TEMPO.CO, Jakarta - Ketua Umum Perhimpunan Hotel dan Restoran Indonesia (PHRI) Hariyadi Sukamdani mengkritisi kebijakan pemerintah melalui Badan Penyelenggara Jaminan Produk Halal (BPJPH) untuk menetapkan sanksi bagi para pelaku usaha yang tidak memenuhi sertifikasi halal per 18 Oktober 2024.

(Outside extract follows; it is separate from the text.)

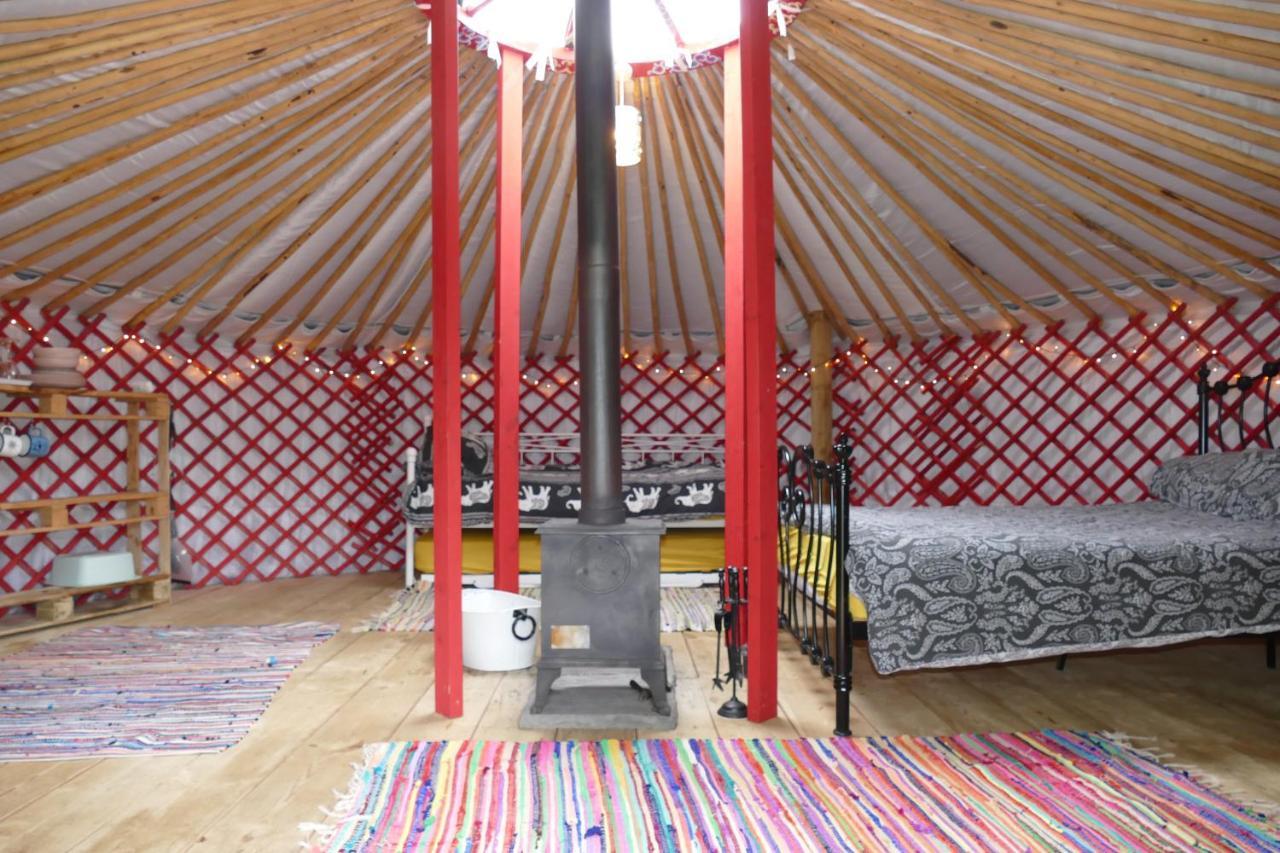 Hotel Alder Yurt Wych Elm Glamping Helston Exterior foto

“Pemerintah sebaiknya tidak menerapkan sanksi dengan banyaknya permasalahan dalam mendapatkan sertifikasi halal,” tutur Hariyadi kepada Tempo melalui aplikasi perpesanan pada Senin, 29 Oktober 2024. Ia menyatakan industri hotel dan restoran tidak siap dalam menjalankan kewajiban sertifikasi halal pada tanggal 17 Oktober 2024
Menurutnya, pemerintah perlu memperhatikan kemampuan pelaku usaha terkait biaya sertifikasi yang terbilang mahal. “Bagaimanapun sertifikasi berbiaya mahal seharusnya tidak dapat dipaksakan untuk dijalankan oleh dunia usaha mengingat kondisi usaha tidak semua mampu,” tuturnya.
Dilansir dari laman kemenag.go.id, tertulis komponen biaya permohonan sertifikat halal untuk barang dan jasa yang dikategorikan menurut jenis usahanya. Untuk usaha mikro dan kecil harus mengeluarkan biaya sebesar Rp 300 ribu, sebesar Rp 5 juta untuk usaha jenis usaha menengah, dan Rp12,5 juta untuk usaha besar dan/atau berasal dari luar negeri.

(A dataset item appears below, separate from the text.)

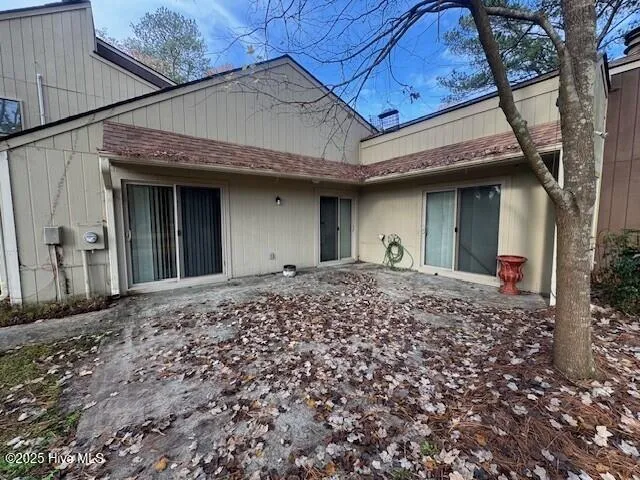 $195,000 | 82 Quarterdeck Townhouses, New Bern, NC 28562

Sedangkan, biaya untuk permohonan perpanjangannya dibedakan. Untuk usaha mikro dan kecil harus mengeluarkan biaya sebesar Rp200 ribu, sebesar Rp2,4 juta untuk usaha jenis usaha menengah, dan Rp 5 juta untuk usaha besar dan/atau berasal dari luar negeri.

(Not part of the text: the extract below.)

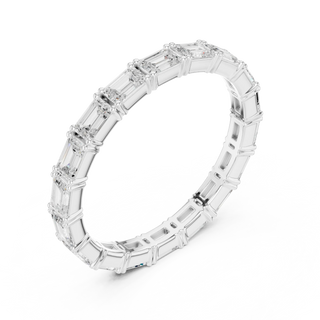 Three-quarter-view: Round Diamond Ring with Bezel Setting in 14k White Gold - Lab Grown - Driona Jewels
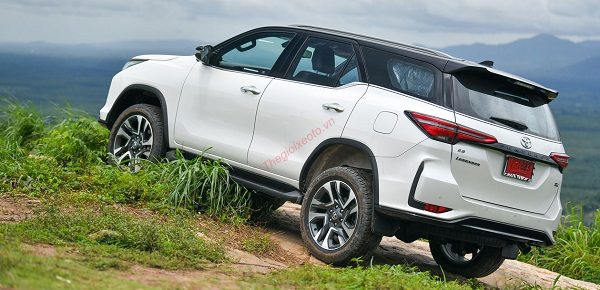 thân xe Toyota Fortuner 2021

Selain itu, kriteria usaha untuk mendapatkan sertifikasi halal, kata dia, juga cukup rumit untuk dipenuhi. “Sehingga harus banyak penyesuaian yang tidak mudah dilakukan,” kata dia.
Ia memberikan contoh penjualan minuman alkohol yang juga masih dilakukan hotel. Selain itu, ada pula restoran yang menggunakan bahan baku dari luar negeri melalui jalur impor.